Top of Listed records
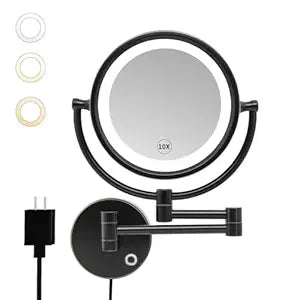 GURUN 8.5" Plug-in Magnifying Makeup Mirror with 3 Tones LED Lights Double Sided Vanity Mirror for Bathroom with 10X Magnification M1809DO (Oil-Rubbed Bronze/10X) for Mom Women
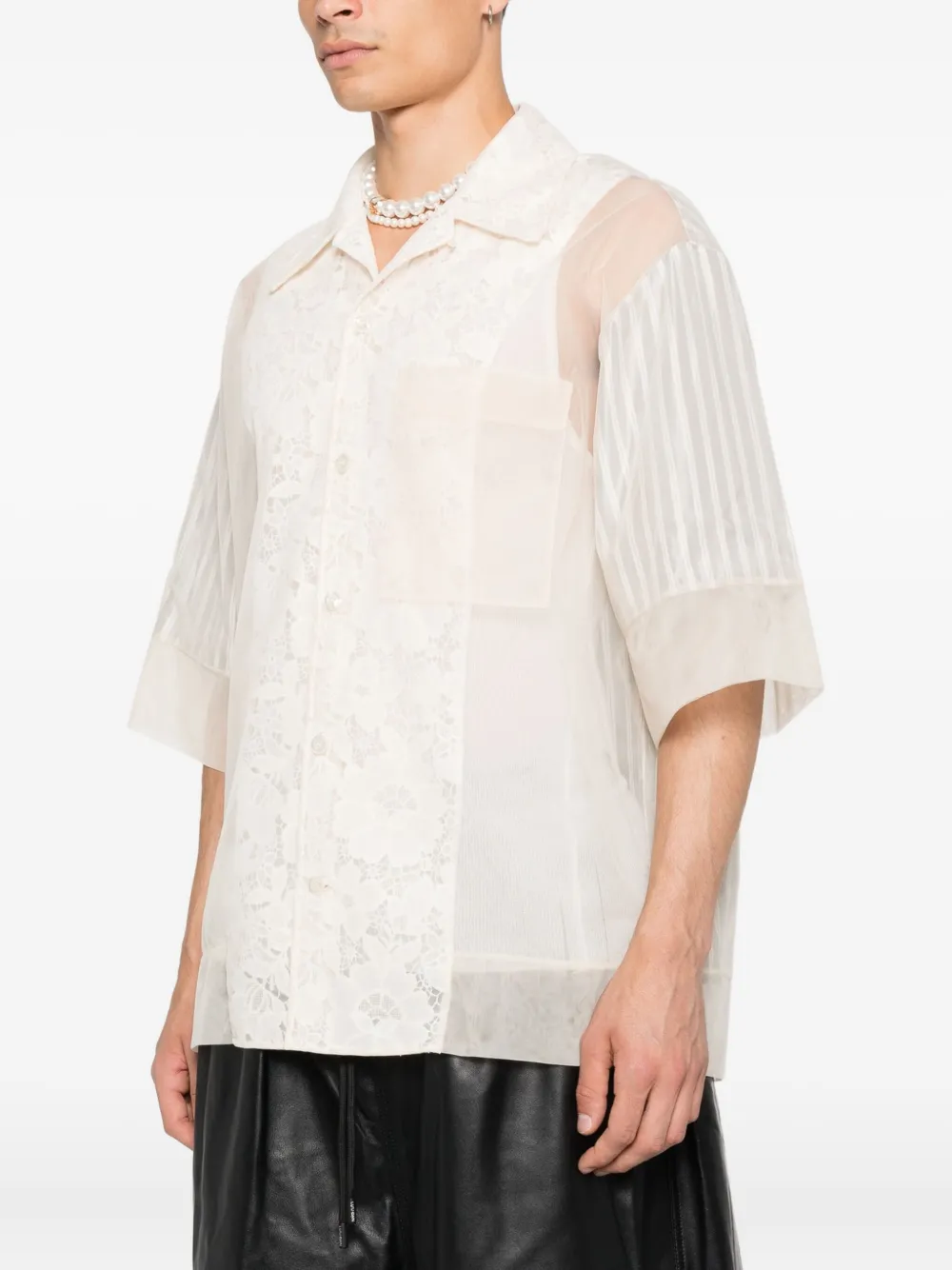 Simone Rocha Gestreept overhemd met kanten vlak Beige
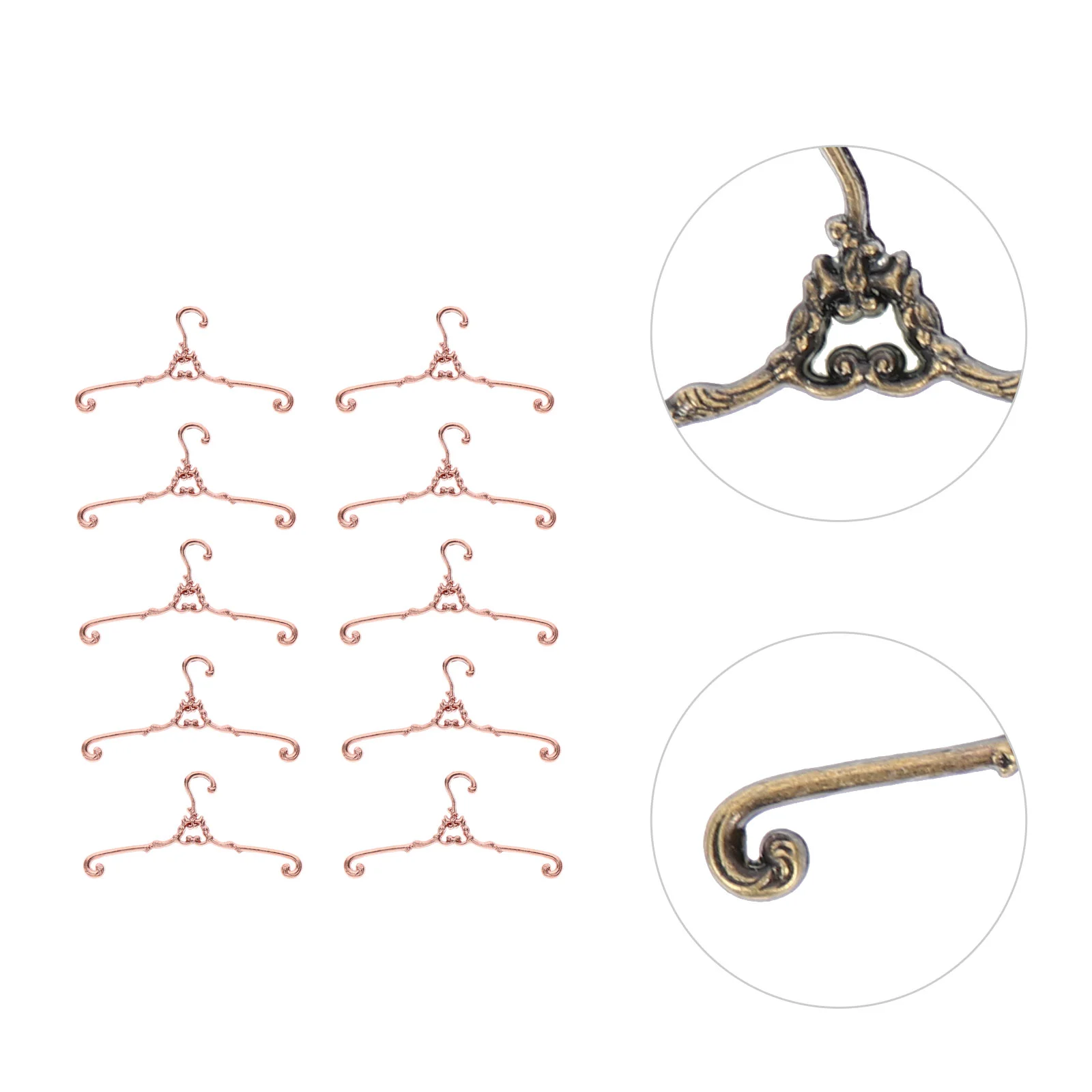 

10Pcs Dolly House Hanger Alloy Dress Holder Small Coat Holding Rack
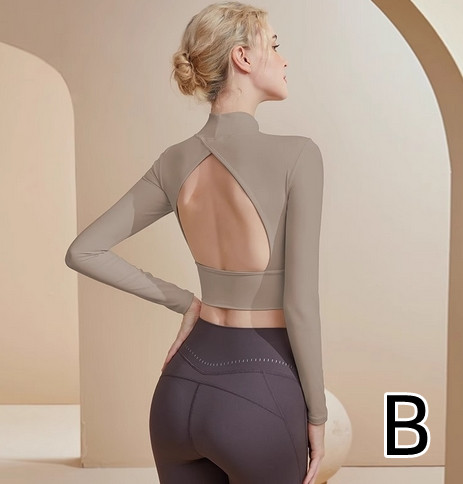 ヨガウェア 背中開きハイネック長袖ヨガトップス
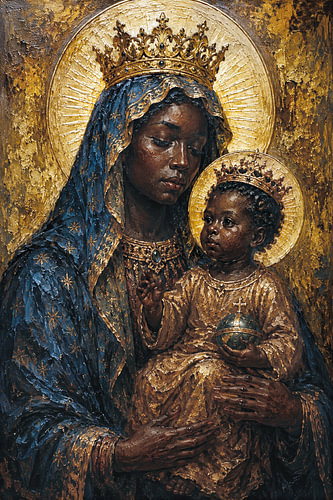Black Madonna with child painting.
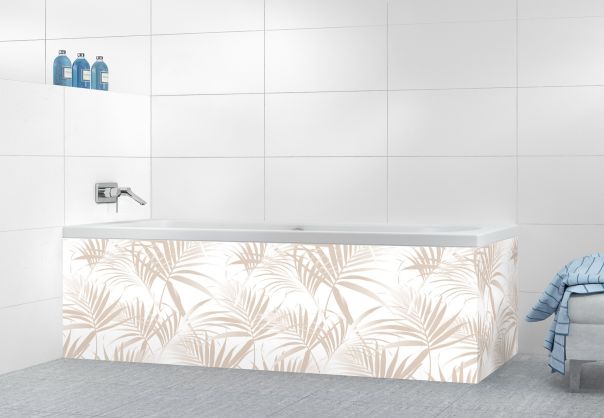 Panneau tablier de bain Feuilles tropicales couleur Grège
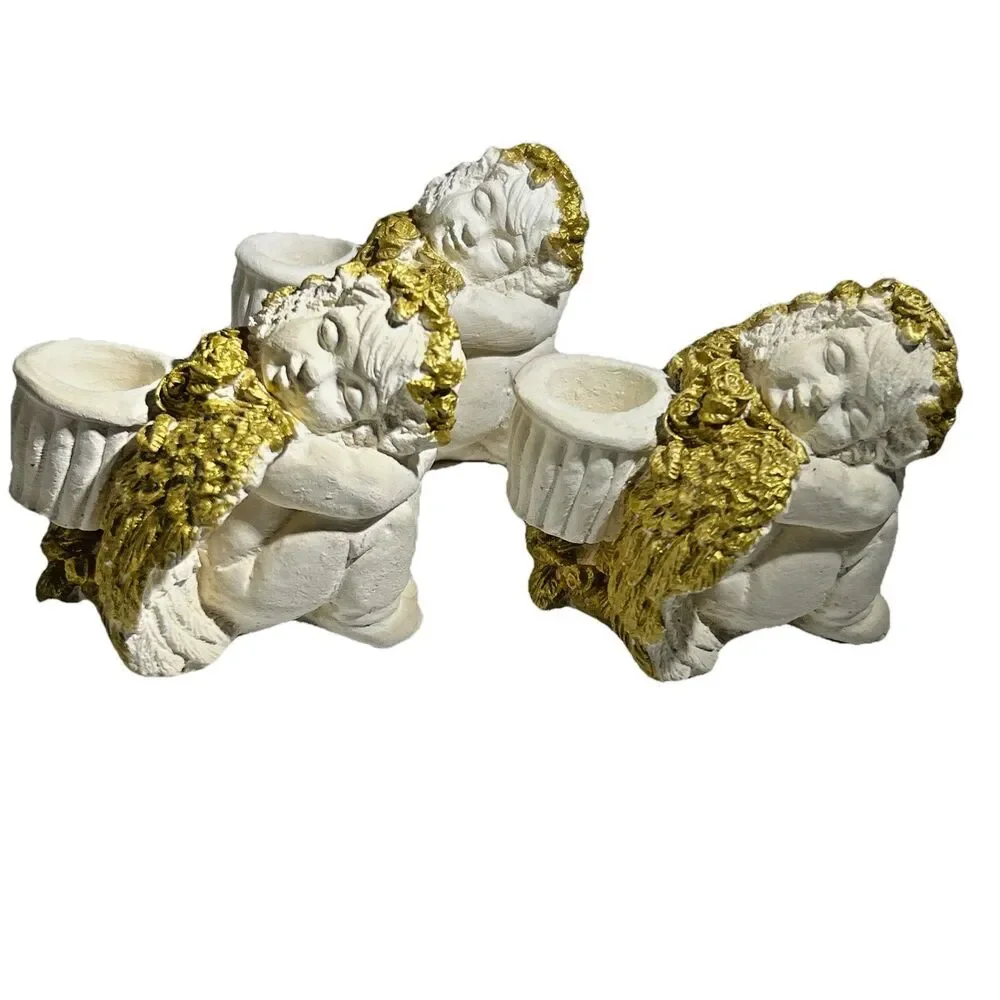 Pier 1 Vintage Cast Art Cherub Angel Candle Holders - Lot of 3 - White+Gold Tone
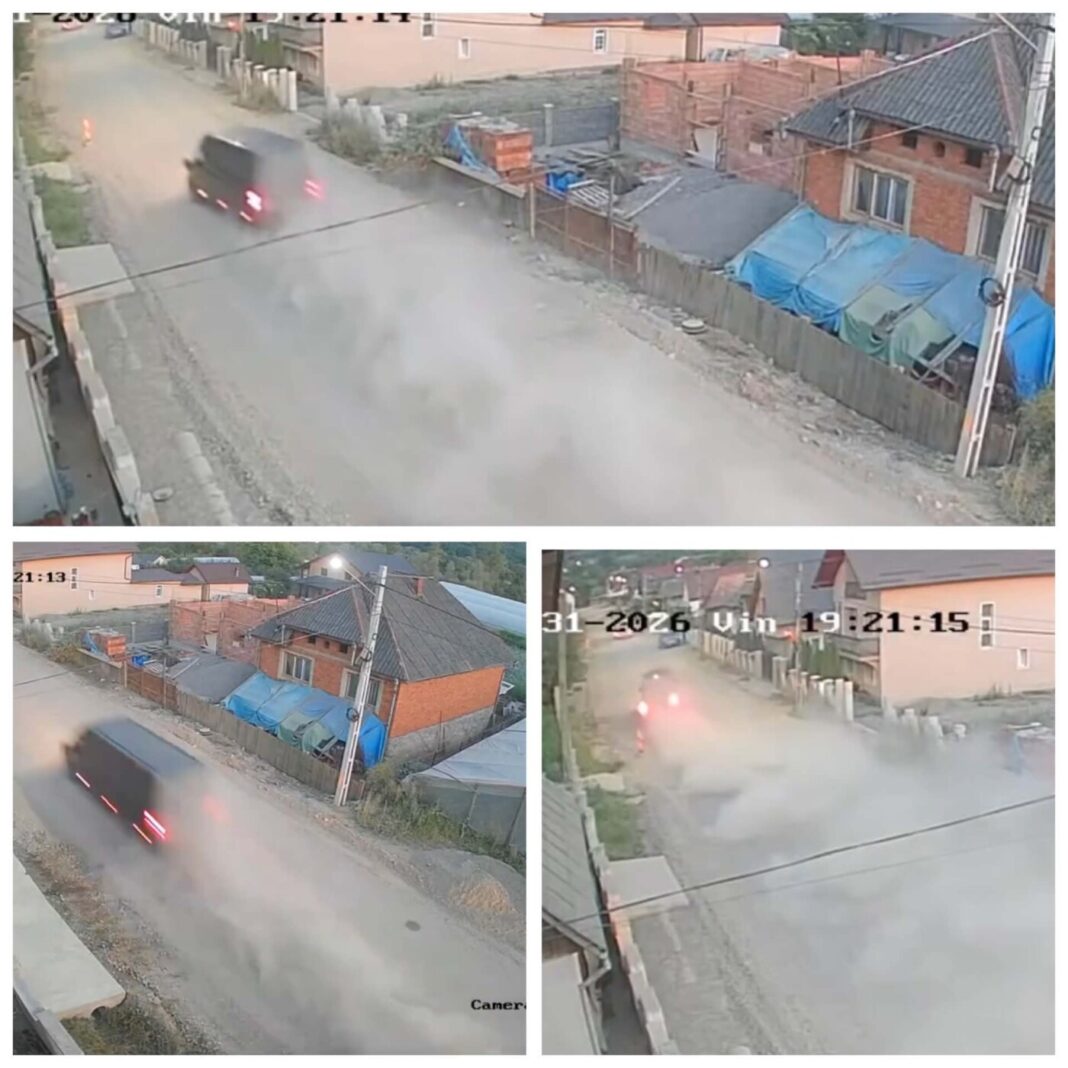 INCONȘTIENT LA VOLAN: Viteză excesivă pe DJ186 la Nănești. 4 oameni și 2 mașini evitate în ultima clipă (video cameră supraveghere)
Bottom of Listed records
**What is expected:**
Would you copy, word for word, only the lines above from the one containing "10Pcs Dolly House" through the one containing "Pier 1 Vintage", both included, and please leave out the pictures?

**Response to this exercise:**
10Pcs Dolly House Hanger Alloy Dress Holder Small Coat Holding Rack
 ヨガウェア 背中開きハイネック長袖ヨガトップス
Black Madonna with child painting.
 Panneau tablier de bain Feuilles tropicales couleur Grège
 Pier 1 Vintage Cast Art Cherub Angel Candle Holders - Lot of 3 - White+Gold Tone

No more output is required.